Ensure the integrity of your database transactions with transaction.atomic() which guarantees atomicity: all operations within the block either complete successfully or roll back if an error occurs.
Use it to group related operations (e.g. on multiple related models) into a single unit, ensuring either all succeed or none, maintaining data consistency.

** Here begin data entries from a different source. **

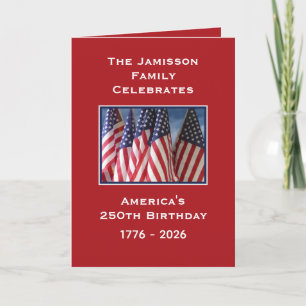 Dank U Voor Uw Dienst America's 250ste  Bedankkaart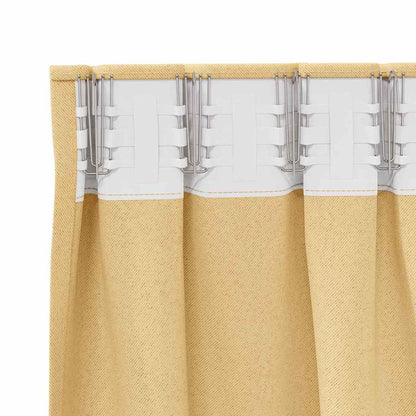 Cortinas opacas com cortinas Bege Poliéster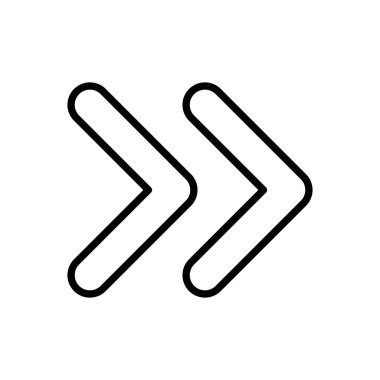 Ok simgesi vektörü. Ok sembolü. Web tasarımınız için ok işareti.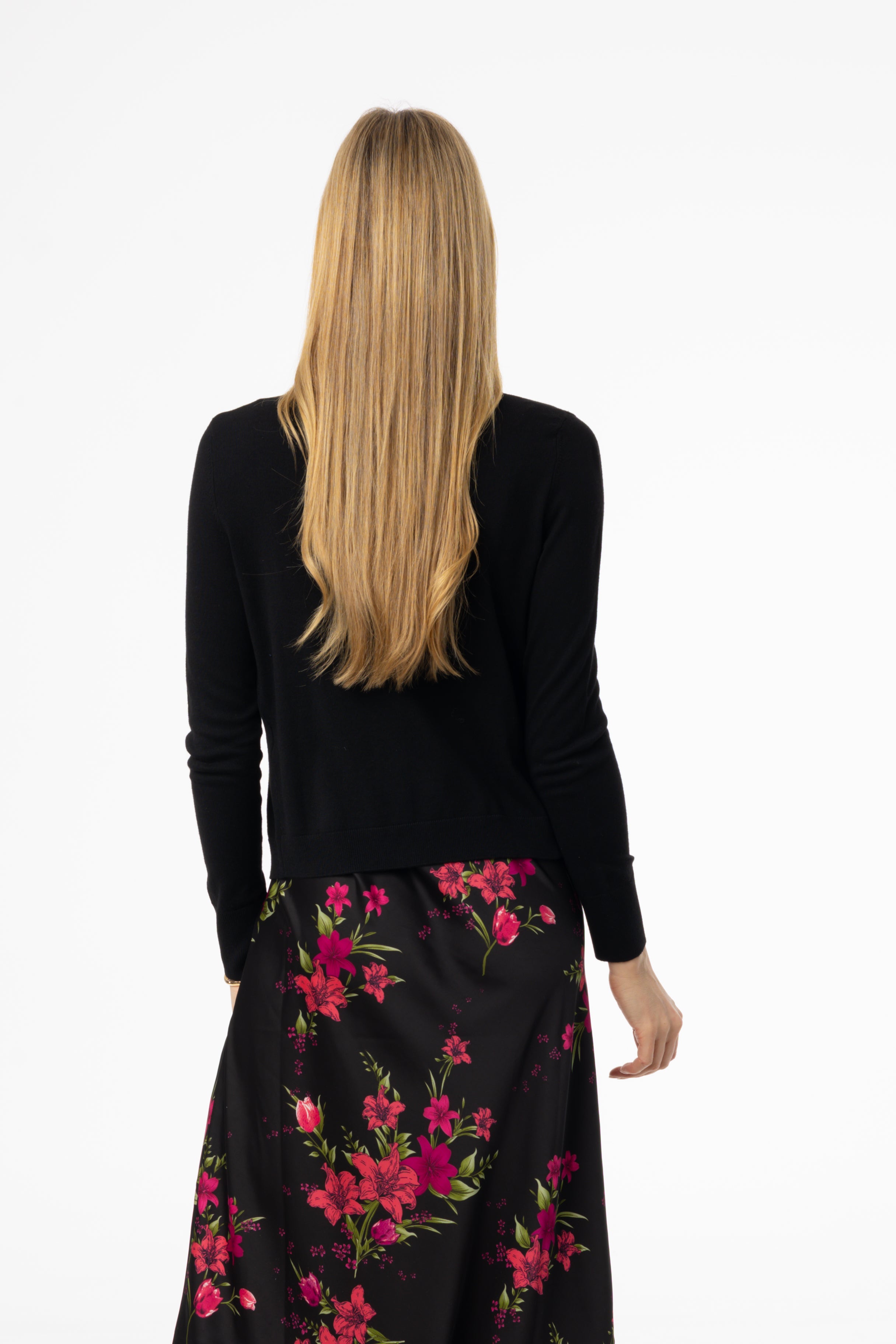 Stylish Black Button Knit Cardigan for Women - Cozy Winter Sweater | Perfect for Office, Date Night & Casual Outfits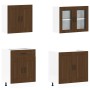 Mueble cocina Kalmar roble marrón 4 pzas madera contrachapada de , Armarios de cocina - Ref: Foro24-3314858, Precio: 299,68 €...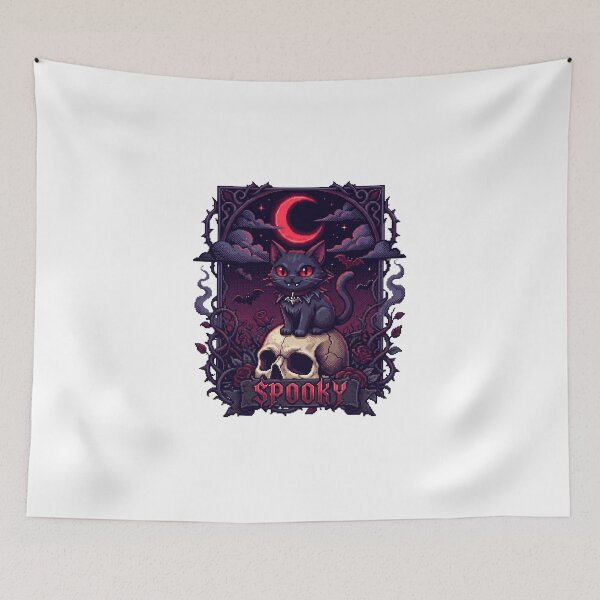 Item preview, Cat Pixel Art Dark Magic Spooky designed and sold by Rugged Garage.
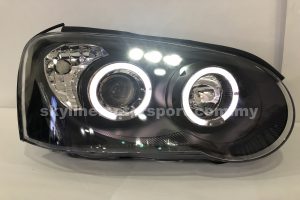 Subaru Impreza WRX GDB 04-05 Projector H/L DRL LED Ring Black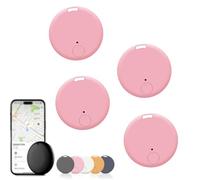 Safesync Gps Tracker, Safe Sync GPS Tracker, real-time location tracker with magnetic case, for Vehicles, Cars, Trucks, Loved Ones, waterproof & magnetic (4 PCS Pink)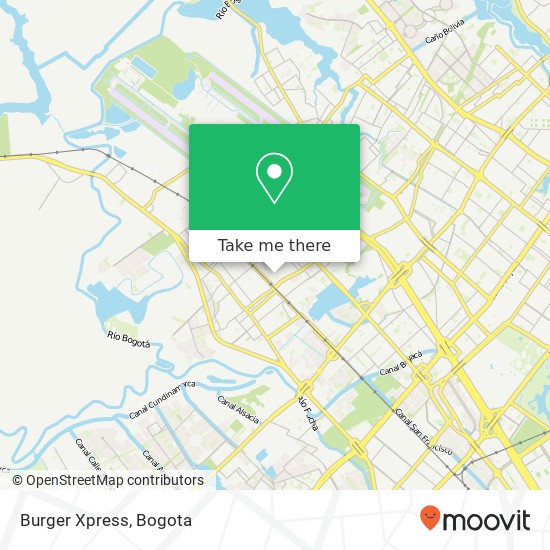 Burger Xpress map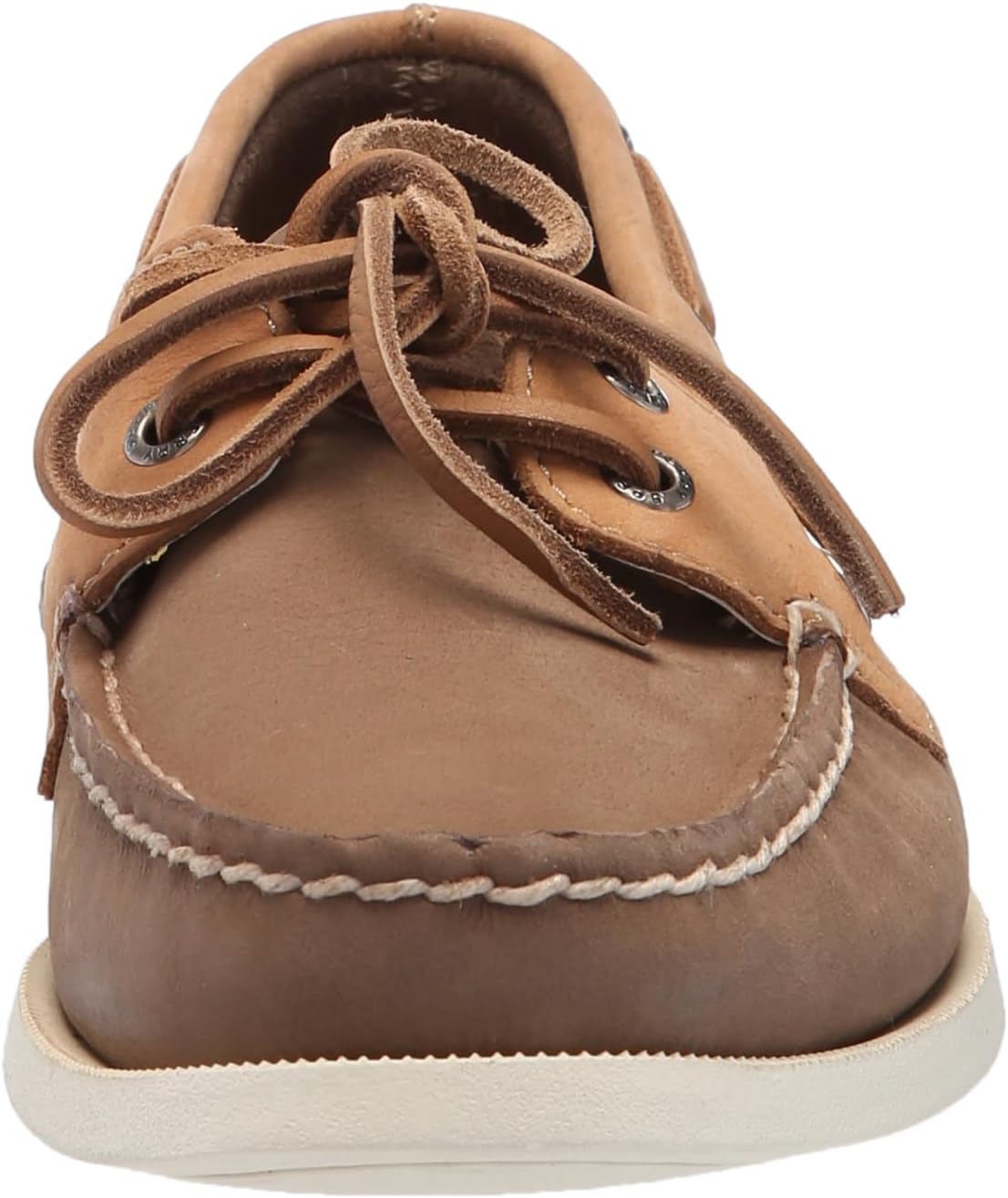 Мужские летние кроссовки Sperry Authentic Original с двумя окошками, коричневый — фото 2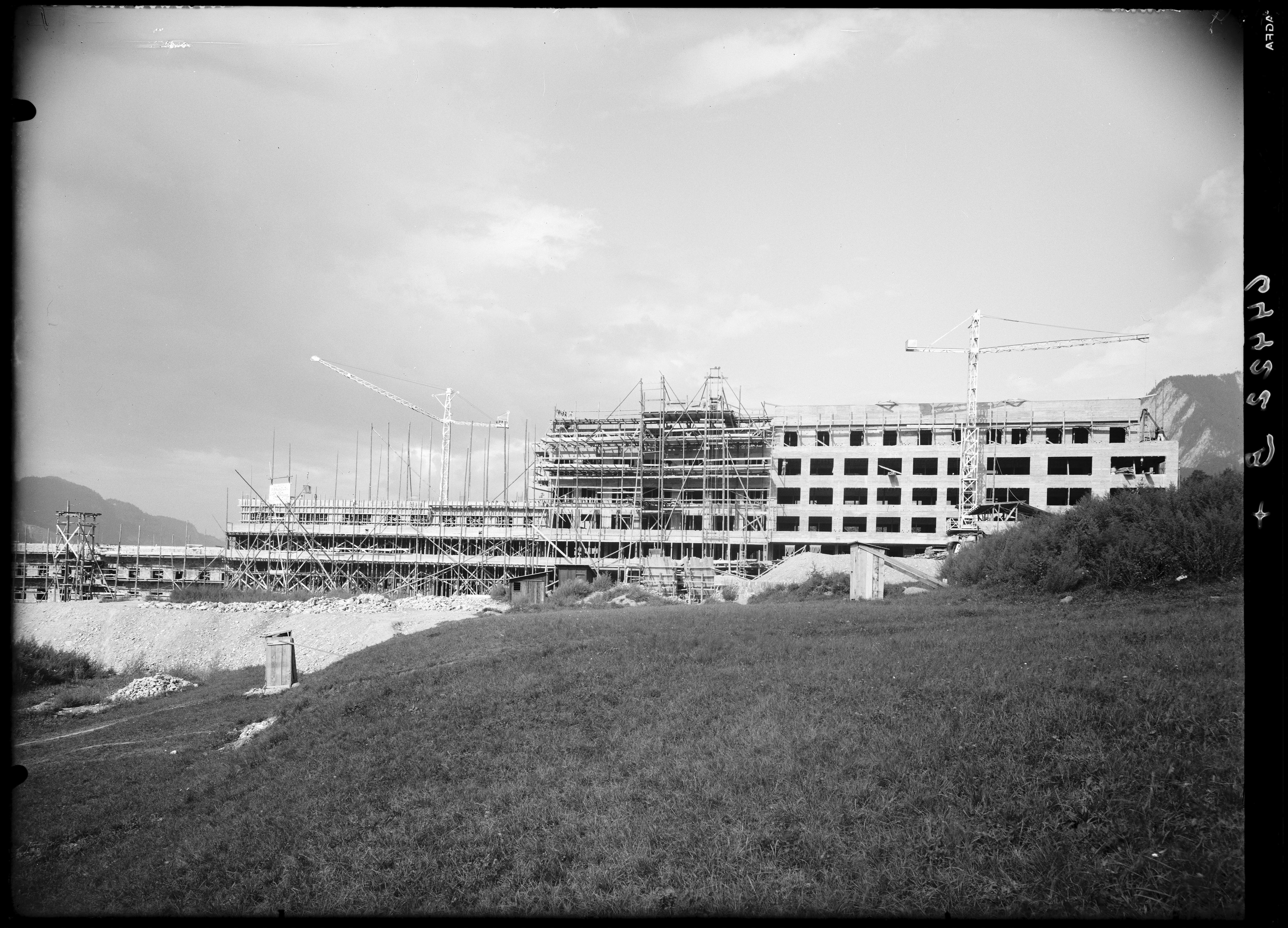 1940: Das Kantons- und Regionalspital im Bau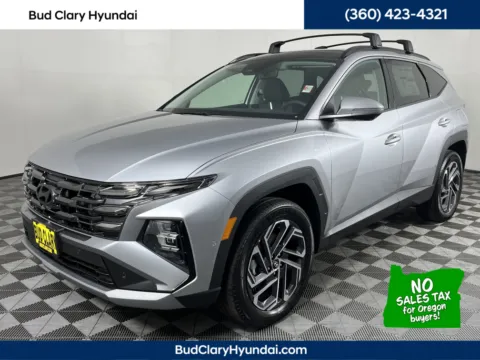Silver 2025 Hyundai Tucson Hybrid Limited for sale in Longview, WA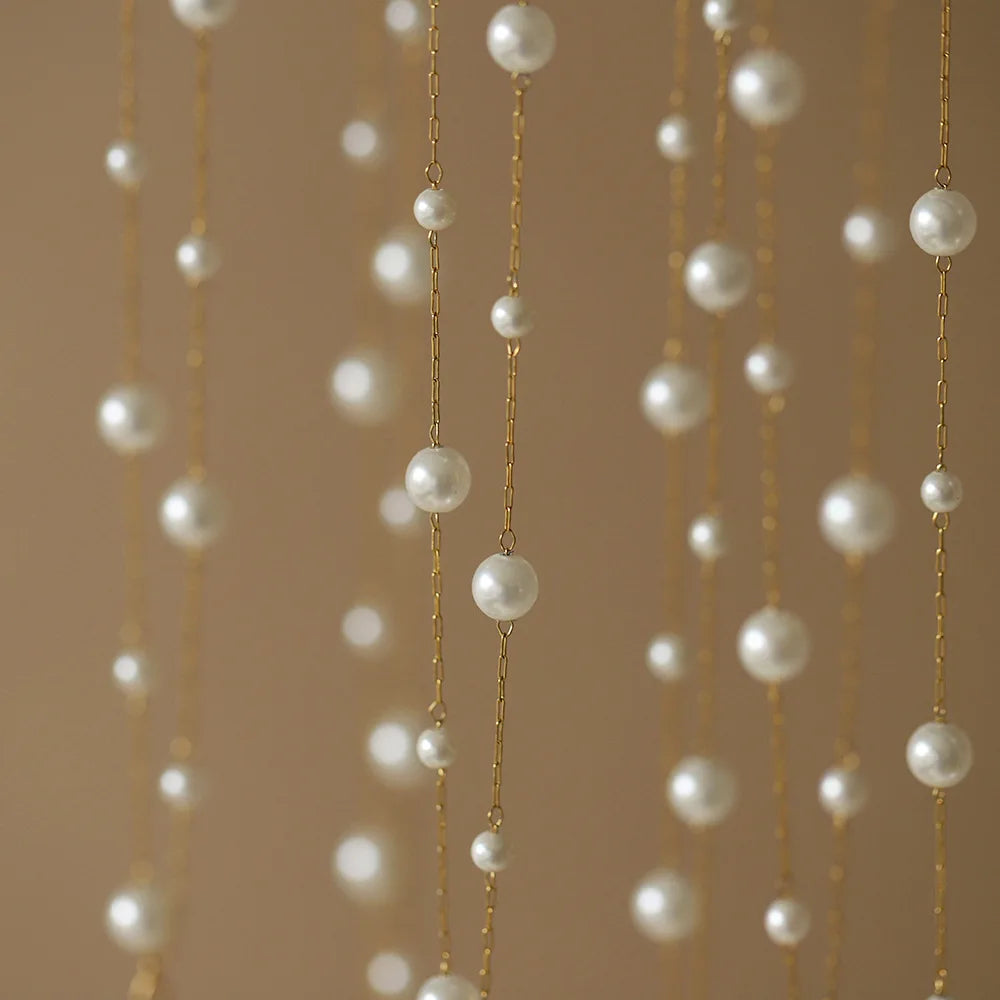 Stainless Steel Pearl Chain Necklace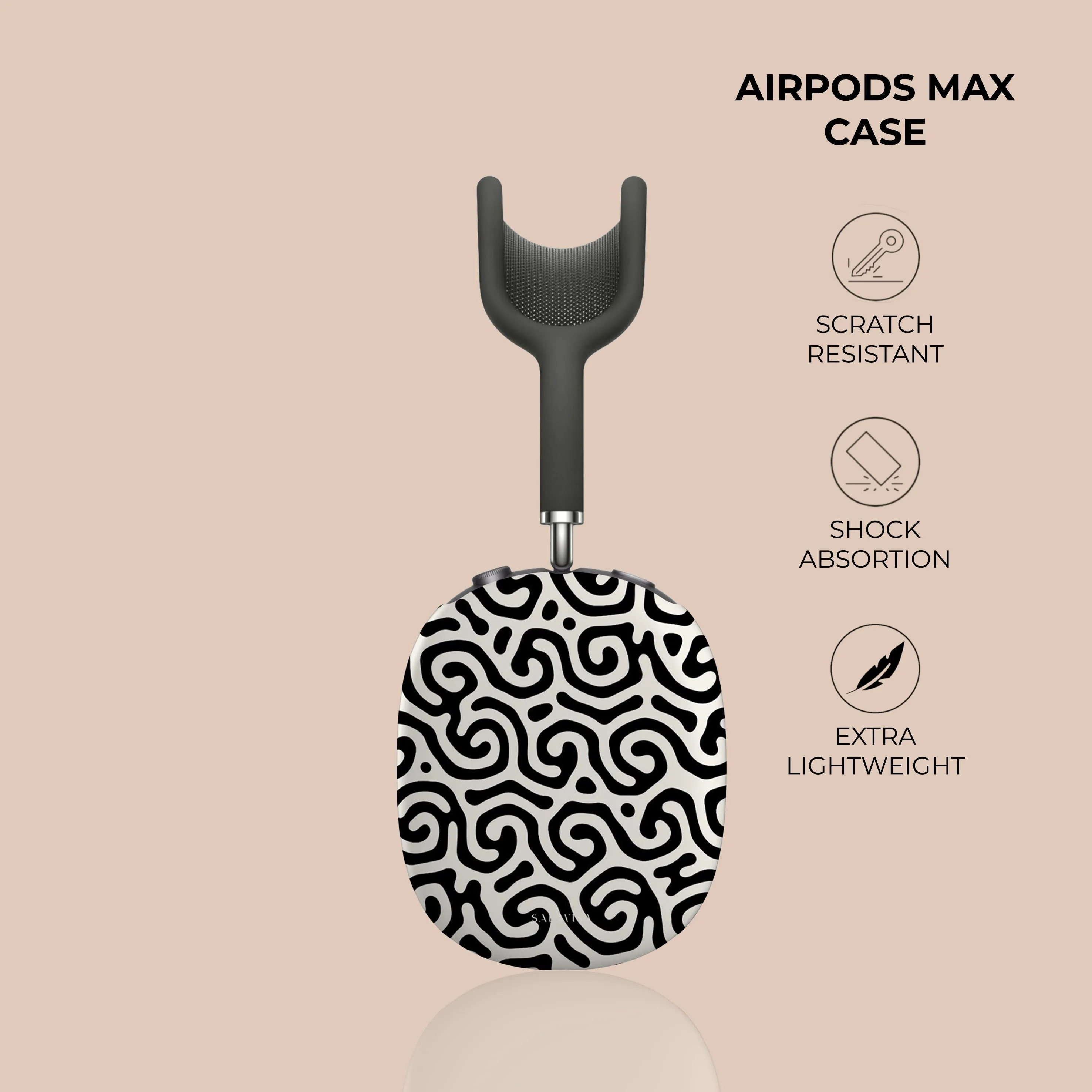 Flash Sale Black & White Curl AirPods Max Case  Almost Sold Out!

from django.db import transaction
# 1. as context manager
def my_view(request):
# Non-atomic operations...
with transaction.atomic():
# Atomic block starts
# Database operations here
# Atomic block ends
# 2. as decorator
@transaction.atomic
def my_view(request):
# Entire view is an atomic block
Fascinating detail is this multi-use of the atomic object 😍, source:
# https://docs.djangoproject.com/en/4.1/_modules/django/db/transaction/
def atomic(using=None, savepoint=True, durable=False):
# Bare decorator: @atomic -- although the first argument is called
# `using`, it's actually the function being decorated.
if callable(using):
return Atomic(DEFAULT_DB_ALIAS, savepoint, durable)(using)
# Decorator: @atomic(...) or context manager: with atomic(...): ...
else:
return Atomic(using, savepoint, durable)
The first if statement checks if the first argument (using) is a callable, which in Python typically is a function. If "using" is a function, it implies that atomic is being used as a decorator.
If atomic is not used as a decorator (meaning the "using" argument is not a callable function), it implies that it's being used as a context manager (so the enter and exit special methods of the Atomic class kick in).